You'd be hard pressed to find many ideas in philosophy even in the last
century that don't build on the ancients, many of them coming directly out of
Aristotle for example and certainly not limited to Aristotelian logic and
ethics.

It's not about who is the greatest thinker or who has more raw brainpower.
It's certainly not just about learning the history of philosophy. How can you
understand any modern philosopher without understanding what context they are
writing in and what arguments they are critiquing, without understanding the
world they lived in and the world they were responding to (of which history is
a big part but certainly not all)? Why would we have philosophers now that
just rehash old ideas? Unlike in science, it would only make those ideas less
clear, not more. Reading a modern synopsis of ancient philosophers will help
with the history part but I doubt it would spark much interest in students or
ideas and discussion. It'd probably confuse people unnecessarily as many
ancient ideas have no place in modernity.
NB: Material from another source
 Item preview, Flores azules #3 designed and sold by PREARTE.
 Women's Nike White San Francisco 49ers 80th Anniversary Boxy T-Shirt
Not to mention robbing them of the
pleasure of reading original philosophy and understanding it.

All that just to get a muddied, unclear version that misses a lot of the
subtleties that make those philosophies great. No one would be able to build
on ancient philosophers anymore because now we'd be interpreting a limited
interpretation of the original texts that captured a fraction of the original
meaning, not the original texts. We'd be unable to find new meanings in those
original texts. This last part would indeed be a crime against philosophers--
true lovers of knowledge--everywhere. What the author suggests that we do is
indeed, truly monstrous and incredibly stupid:

"we should expect the scholarship of Plato or Aristotle (or any ‘great
philosopher’) to improve our understanding into the history of ideas, but not
to excavate some hidden philosophical insight relevant to modern discussions"

Thankfully Nietzche, Derrida, and [insert your favorite non-ancient
philosopher here] did not subscribe to this stupidity and small-mindedness or
they probably would never have written anything.